The LLM-powered entity and relation extraction system.

ExtractionPipeline

ExtractionPipeline

Extracts entities and relations from conversational messages using an LLM.

Usage

pipeline = ExtractionPipeline(llm_client) result = pipeline.extract("My wife's name is Lena")

extract async

extract(message: str) -> ExtractionResult

Extract entities and relations from a user message.

Parameters:

Name Type Description Default
message str

The user's conversational message.

required

Returns:

Type Description
ExtractionResult

ExtractionResult with entities, relations, and timing info.

ExtractionResult

On failure, returns an empty result (never raises).

Result Types

ExtractionResult

ExtractionResult dataclass

Complete result from processing a single message.

ExtractedEntity

ExtractedEntity dataclass

An entity extracted from a user message.

ExtractedRelation

ExtractedRelation dataclass

A relation extracted between two entities.

LLM Clients

LLMClient Protocol

LLMClient

Bases: Protocol

Protocol for LLM clients used by the extraction pipeline.

extract async

extract(system_prompt: str, user_message: str) -> str

Send extraction prompt to LLM and return raw text response.

Parameters:

Name Type Description Default
system_prompt str

System instructions for extraction.

required
user_message str

The user's conversational message to extract from.

required

Returns:

Type Description
str

Raw LLM response text (expected to be JSON).

Raises:

Type Description
LLMError

If the LLM call fails.

MockLLMClient

MockLLMClient

Mock LLM that returns predetermined extraction results.

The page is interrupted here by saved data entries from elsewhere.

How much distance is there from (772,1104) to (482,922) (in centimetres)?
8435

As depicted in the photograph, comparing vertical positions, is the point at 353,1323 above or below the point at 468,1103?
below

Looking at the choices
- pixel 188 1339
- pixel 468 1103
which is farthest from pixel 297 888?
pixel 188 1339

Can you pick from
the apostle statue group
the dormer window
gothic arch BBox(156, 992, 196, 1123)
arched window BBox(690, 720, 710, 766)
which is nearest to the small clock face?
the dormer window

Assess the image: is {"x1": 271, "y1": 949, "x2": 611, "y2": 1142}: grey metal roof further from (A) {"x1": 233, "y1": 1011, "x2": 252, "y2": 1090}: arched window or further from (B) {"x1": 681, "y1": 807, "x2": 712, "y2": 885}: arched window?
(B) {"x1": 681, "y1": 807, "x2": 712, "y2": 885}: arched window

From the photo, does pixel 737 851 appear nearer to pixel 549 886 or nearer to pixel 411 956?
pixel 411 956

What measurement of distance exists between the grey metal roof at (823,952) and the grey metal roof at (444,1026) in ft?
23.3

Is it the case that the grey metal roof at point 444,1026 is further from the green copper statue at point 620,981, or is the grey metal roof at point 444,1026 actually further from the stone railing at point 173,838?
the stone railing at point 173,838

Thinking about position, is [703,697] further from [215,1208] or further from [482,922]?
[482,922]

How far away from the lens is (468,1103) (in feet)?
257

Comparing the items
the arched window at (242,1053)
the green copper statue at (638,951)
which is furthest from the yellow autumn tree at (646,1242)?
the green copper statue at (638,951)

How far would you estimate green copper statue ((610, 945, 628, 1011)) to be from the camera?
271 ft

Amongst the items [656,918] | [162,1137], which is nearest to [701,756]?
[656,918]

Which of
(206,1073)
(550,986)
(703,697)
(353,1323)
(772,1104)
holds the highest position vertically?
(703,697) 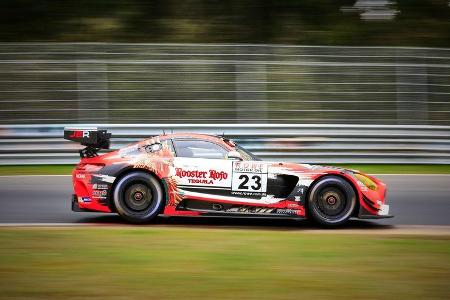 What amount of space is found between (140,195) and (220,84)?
22.6 feet

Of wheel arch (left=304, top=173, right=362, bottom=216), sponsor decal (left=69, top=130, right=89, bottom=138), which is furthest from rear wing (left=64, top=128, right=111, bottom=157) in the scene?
wheel arch (left=304, top=173, right=362, bottom=216)

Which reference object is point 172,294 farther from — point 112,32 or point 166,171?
point 112,32

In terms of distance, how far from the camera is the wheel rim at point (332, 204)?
9.38 m

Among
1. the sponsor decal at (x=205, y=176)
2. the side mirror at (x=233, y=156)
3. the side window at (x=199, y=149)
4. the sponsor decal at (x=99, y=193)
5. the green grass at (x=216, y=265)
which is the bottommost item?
the green grass at (x=216, y=265)

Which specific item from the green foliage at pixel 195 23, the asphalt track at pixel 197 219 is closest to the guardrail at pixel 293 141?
the asphalt track at pixel 197 219

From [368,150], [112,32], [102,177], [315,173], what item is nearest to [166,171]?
[102,177]

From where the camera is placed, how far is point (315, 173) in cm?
936

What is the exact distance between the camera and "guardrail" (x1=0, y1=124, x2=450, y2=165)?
15602 mm

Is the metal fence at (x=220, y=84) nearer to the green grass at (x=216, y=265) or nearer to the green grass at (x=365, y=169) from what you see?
the green grass at (x=365, y=169)

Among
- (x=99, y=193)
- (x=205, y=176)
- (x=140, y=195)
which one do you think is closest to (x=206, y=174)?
(x=205, y=176)

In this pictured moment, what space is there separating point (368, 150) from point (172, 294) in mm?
10807

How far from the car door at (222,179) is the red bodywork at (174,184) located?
0.02m

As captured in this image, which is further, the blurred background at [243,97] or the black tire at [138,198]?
the blurred background at [243,97]

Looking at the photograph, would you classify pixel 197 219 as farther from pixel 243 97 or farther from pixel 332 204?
pixel 243 97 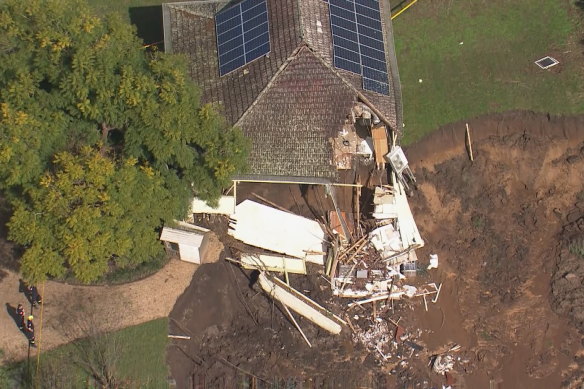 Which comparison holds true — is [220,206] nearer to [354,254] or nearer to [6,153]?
[354,254]

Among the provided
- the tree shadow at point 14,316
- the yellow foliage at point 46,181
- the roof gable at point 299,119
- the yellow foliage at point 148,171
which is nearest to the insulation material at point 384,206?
the roof gable at point 299,119

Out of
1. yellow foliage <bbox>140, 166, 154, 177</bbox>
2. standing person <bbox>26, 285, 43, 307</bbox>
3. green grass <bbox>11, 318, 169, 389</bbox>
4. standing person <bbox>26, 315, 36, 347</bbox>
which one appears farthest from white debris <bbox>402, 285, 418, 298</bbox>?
standing person <bbox>26, 315, 36, 347</bbox>

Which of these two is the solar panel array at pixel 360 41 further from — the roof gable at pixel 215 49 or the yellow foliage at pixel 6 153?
the yellow foliage at pixel 6 153

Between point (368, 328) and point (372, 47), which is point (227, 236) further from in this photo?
point (372, 47)

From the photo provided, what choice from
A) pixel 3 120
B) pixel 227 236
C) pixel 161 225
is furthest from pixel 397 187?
pixel 3 120

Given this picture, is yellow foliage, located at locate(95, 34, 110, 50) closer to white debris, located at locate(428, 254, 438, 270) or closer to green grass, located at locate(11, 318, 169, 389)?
green grass, located at locate(11, 318, 169, 389) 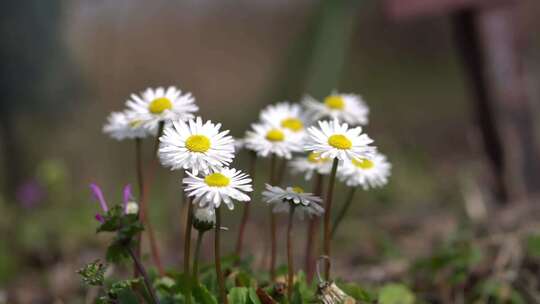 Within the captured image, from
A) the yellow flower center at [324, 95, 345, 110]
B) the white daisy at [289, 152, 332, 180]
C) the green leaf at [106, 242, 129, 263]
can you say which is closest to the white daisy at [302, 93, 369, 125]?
the yellow flower center at [324, 95, 345, 110]

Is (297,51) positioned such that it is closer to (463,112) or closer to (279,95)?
(279,95)

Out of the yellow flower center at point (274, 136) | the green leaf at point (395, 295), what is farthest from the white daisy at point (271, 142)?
the green leaf at point (395, 295)

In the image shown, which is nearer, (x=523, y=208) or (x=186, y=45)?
(x=523, y=208)

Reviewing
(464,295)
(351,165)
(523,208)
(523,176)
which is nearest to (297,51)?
(523,176)

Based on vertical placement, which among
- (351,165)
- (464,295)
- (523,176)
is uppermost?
(523,176)

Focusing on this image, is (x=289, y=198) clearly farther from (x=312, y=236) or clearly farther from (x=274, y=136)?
(x=312, y=236)

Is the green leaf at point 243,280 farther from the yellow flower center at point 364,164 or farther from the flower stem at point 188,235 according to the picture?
the yellow flower center at point 364,164

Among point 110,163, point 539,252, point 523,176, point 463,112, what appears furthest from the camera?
point 463,112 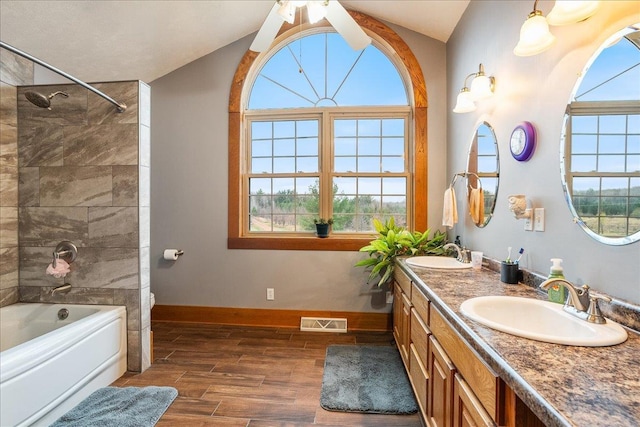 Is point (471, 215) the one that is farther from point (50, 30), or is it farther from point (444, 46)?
point (50, 30)

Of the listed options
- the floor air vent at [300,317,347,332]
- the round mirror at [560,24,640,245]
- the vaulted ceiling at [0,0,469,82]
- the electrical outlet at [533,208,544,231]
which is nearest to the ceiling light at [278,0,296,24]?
the vaulted ceiling at [0,0,469,82]

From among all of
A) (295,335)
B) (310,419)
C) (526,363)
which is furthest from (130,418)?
(526,363)

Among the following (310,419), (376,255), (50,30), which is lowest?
(310,419)

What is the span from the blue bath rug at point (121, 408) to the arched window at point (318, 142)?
4.82ft

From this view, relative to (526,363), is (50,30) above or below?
above

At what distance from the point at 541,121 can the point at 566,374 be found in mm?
1257

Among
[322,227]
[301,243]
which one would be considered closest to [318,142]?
[322,227]

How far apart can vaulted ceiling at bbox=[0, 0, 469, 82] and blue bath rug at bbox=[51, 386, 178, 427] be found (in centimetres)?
246

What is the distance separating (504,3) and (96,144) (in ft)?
9.50

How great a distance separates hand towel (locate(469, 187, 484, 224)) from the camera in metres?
2.20

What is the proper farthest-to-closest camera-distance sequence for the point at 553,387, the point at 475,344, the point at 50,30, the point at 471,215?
1. the point at 471,215
2. the point at 50,30
3. the point at 475,344
4. the point at 553,387

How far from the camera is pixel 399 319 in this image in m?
2.40

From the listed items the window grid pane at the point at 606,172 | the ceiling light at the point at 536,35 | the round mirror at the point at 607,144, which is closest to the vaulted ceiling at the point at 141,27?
the ceiling light at the point at 536,35

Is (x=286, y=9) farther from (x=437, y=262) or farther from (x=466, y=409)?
(x=466, y=409) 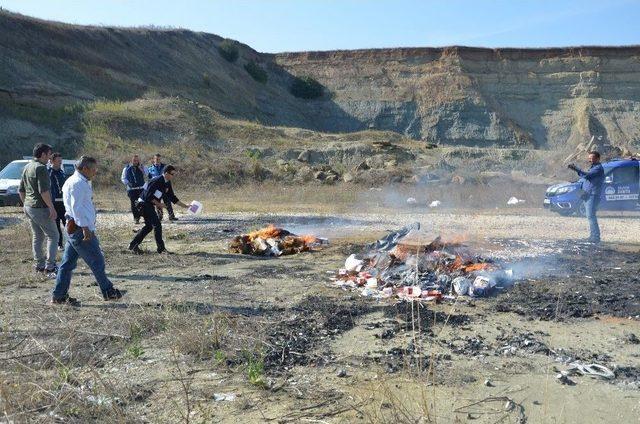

Register responses with set_response(message_substring, json_response). Falls back to an empty extraction if no match is found.

call_count property

call_count: int

last_system_prompt property

last_system_prompt: str

last_user_message property

last_user_message: str

set_response

set_response(message_contains: str, response: dict[str, Any]) -> None

Register a canned response for messages containing the given substring.

extract async

extract(system_prompt: str, user_message: str) -> str

AnthropicLLMClient

AnthropicLLMClient

LLM client using the Anthropic async API (Claude Haiku for extraction).

extract async

extract(system_prompt: str, user_message: str) -> str

Utilities

repair_llm_json

repair_llm_json

repair_llm_json(raw_output: str) -> dict[str, Any] | list[Any] | None

Attempt to parse and repair common LLM JSON output issues.

Handles
  • Markdown fences / prose around fenced blocks
  • Preamble / trailing extra text (extracts first complete JSON object/array)
  • Trailing commas before closing braces/brackets
  • Unclosed top-level brackets/braces (best-effort)

Returns:

Type Description
dict[str, Any] | list[Any] | None

Parsed dict/list or None if repair fails.